To test and tune this setting I first make sure HA is enabled on the pool, then I perform hard failover tests where, using a DRAC or iLO card if I have one, I suddenly power cycle one of the storage servers and watch to see if any XenServers fence. I run this hard power cycle test because this specific problem never comes up with simple storage stops and restarts; rather it only shows up when a storage server actually goes down suddenly, or “hard,” as we say. So I run these tests because I want to stress the system to simulate unfortunate things like power failures, sudden server reboots due to gremlins, and other things along those lines. If nothing happens then great – let’s go home and we can sleep well knowing HA is working correctly. But what if you do have one or more servers which do fence because they believe their storage is gone when in fact it is not?
The last time I had this happen to me I had to test my environment several times, and with each successive run through the hard failover test I used a different timeout setting. In the end I found that 120 seconds worked best for me. (Keep in mind I am doing this during a build and there are no live production workloads running on any of these servers.)
So what is the downside of setting your timeout this high? Well, if a XenServer really fails (for whatever reason) it will take about 120 seconds for the Pool to decide there is a problem and then take action to restart the VMs elsewhere based upon available resources and the restart priority of each VM. Personally, I’d rather wait the 120 seconds when something has really gone wrong than suffer an unnecessary fence/shutdown when all the VMs were actually still running fine.

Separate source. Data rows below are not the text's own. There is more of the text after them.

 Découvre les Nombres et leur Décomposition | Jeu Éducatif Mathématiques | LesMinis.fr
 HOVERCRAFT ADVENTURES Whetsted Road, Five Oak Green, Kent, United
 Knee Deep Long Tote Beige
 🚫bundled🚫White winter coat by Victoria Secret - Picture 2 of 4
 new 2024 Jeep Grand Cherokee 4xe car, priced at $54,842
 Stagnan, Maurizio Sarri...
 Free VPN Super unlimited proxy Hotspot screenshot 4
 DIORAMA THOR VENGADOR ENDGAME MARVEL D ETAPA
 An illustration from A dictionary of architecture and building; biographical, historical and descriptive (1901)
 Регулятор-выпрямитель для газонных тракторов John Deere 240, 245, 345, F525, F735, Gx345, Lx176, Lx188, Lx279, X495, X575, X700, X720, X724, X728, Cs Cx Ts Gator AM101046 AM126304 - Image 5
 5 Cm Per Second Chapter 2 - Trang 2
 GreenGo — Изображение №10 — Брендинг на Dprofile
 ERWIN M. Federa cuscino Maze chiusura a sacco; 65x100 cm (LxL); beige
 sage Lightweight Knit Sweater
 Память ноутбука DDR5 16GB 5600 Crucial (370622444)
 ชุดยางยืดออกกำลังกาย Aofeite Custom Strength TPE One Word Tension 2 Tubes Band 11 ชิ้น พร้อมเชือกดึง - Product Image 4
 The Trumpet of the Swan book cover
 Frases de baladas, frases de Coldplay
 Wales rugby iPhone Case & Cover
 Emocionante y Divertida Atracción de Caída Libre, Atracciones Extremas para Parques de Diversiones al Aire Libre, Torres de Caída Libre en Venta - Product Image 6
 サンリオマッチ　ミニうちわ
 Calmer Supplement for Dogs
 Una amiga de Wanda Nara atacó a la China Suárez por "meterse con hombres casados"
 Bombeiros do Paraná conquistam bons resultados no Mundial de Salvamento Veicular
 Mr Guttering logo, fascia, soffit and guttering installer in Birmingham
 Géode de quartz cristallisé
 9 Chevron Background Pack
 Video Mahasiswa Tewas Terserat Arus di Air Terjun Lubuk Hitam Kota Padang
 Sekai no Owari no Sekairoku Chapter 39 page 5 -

So how did I set the timeout values? Like this:
Rather than enable HA from the GUI you’re going to have to do it from a command line. I use PuTTY when I’m not actually at the XenServer console. The command you will use is xe pool-ha-enable heartbeat-sr-uuids=your uuid goes here ha-config:timeout=however many seconds you want.
But in that command string, how do you know what the sr-uuid is? The way I find it is to start with XenCenter and locate the SR (storage repository) which is going to be used for the heartbeat status disk. I locate the SCSI ID of that SR and copy the number as shown in this image (click picture to view full-size):
After I have that number I next connect to the master XenServer using PuTTY (the master XenServer in a pool is always the top server shown in XenCenter) and run this command xe pbd-list device-config=SCSIid:\ 360030d903131325f48415f4865617274 where the number in RED is the ID just copied from Xencenter:
What is shown above is what the output should look like. The reason you see three sequences in this example is because there are three hosts in this pool, notice the host-uuids are all different. However also notice the sr-uuid value is the same in each grouping and this is the number we are after. Take the sr-uuid you just found and enter it into a command like this: xe pool-ha-enable heartbeat-sr-uuids=7a213624-1209-c467-42ed-6ef72a1b7699 ha-config:timeout=120
It may take a bit of time for the command to actually complete but once it does you should be able to refresh your Xencenter by using either the xe-toolstack-restart or the service xapi restart command and then when you look at the pool level on the HA tab you should see that HA is now turned on:
As I said previously I found 120 seconds worked best for me – but how did I determine that? Simple: I started by setting the HA timeout to 60 seconds (twice the default) and then ran the hard shutdown test again. One of the XenServers still fenced so I went to 90 seconds, and then finally 120 seconds. The point at which the XenServers do not fence is where you want to stop. But don’t just do this test on one side of the storage! You will want to recover your storage servers and once everything is back online and healthy run the same test again – but this time hard-shutdown the other storage node. Now if none of the XenServers fence then you are done…unless you disable and re-enable HA. As I pointed out in that earlier post, this manual timeout setting is not persistent – if you disable and re-enable HA on the pool, you will have to re-enable it from the command line again to insure that the timeout is set correctly. If it’s done from the GUI, it will revert to the 30-second default.